Material: Native June’s energetic and sometimes gritty material infuses elements of surf rock, but also harkens back to the classic rock era. Choruses explode with hard-hitting, distorted chord progressions that carry over into quieter yet up-tempo verses. Solid, gutsy rock beats drive most of the songs, which catch on quickly. “Change,” for instance, has a choppy, haunting minor chord riff that accents a forceful drum beat. It’s the slower material, however, that is more fine-tuned. “Daisy,” a romantic ballad that starts off slow and crashes into a frenzied chorus of grizzly growls, is successfully composed, and the band should aspire to write more songs in that vein.
Musicianship: Watson is a confident rhythm guitar player, but requires more familiarity with his instrument to be a soloist. His vocals have a signature grit, which he should feature more, but they often veer off pitch. Jones has rhythmic chops and commands attention from behind the kit. Cuyugan locks in with Jones, but seems a little careless with his fingering at times. Chaput is a fine lead player, but doesn’t get to showcase his skills nearly enough.

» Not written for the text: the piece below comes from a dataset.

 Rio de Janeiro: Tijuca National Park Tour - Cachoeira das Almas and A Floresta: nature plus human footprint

Performance: The band plowed through a set of originals in a sweaty, rock & roll fashion. From the opening tune, “Shoulda Saw it Coming,” Watson quickly established himself as a thrilling frontman as he jumped around the stage and engaged the audience, encouraging vocal participation. Although his stage antics entertained the packed venue, his vocals and guitar playing suffered. Similarly, Cuyugan focused less on his bass lines and more on jumping about. This by no means ruined the show, but it did compromise musicianship for entertainment. Jones and Chaput kept the band afloat, remaining tightknit throughout the set.

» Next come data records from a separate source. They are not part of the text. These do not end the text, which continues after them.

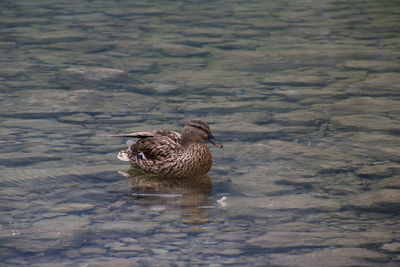 Duck swimming in lake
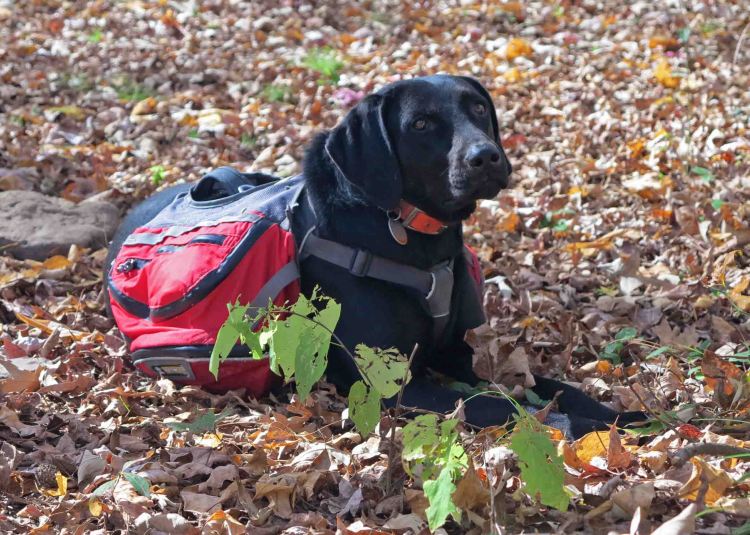 Practice "Leave no Trace" so I don't have to pack out your trash. 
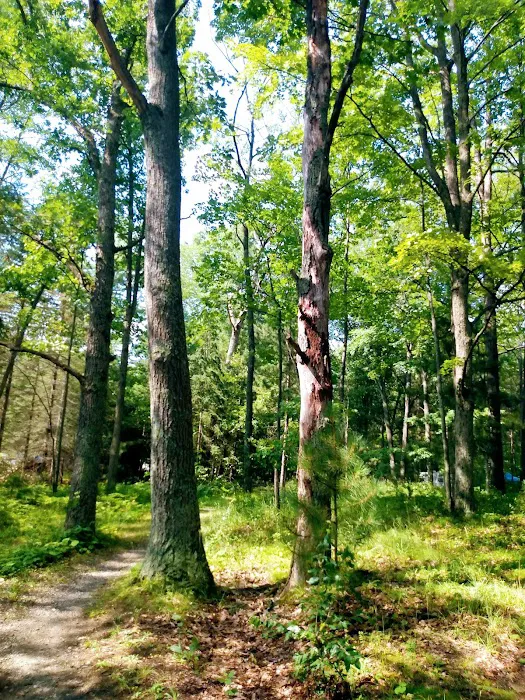 Island Lake Campground Picture 7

The band’s set took an interesting turn during “The Circus,” a ska-inspired song with odd rap vocals. Native June finished strong with “In Shadows” and “Saturday Night,” to which the crowd joined in for a chanting chorus.
Summary: Native June has a knack for songwriting, but at this point in their development the band should play to its strengths. While musical experimentation is commendable, with the band’s classic rock leanings as a crowd-pleaser, finding a distinctive sound is now paramount.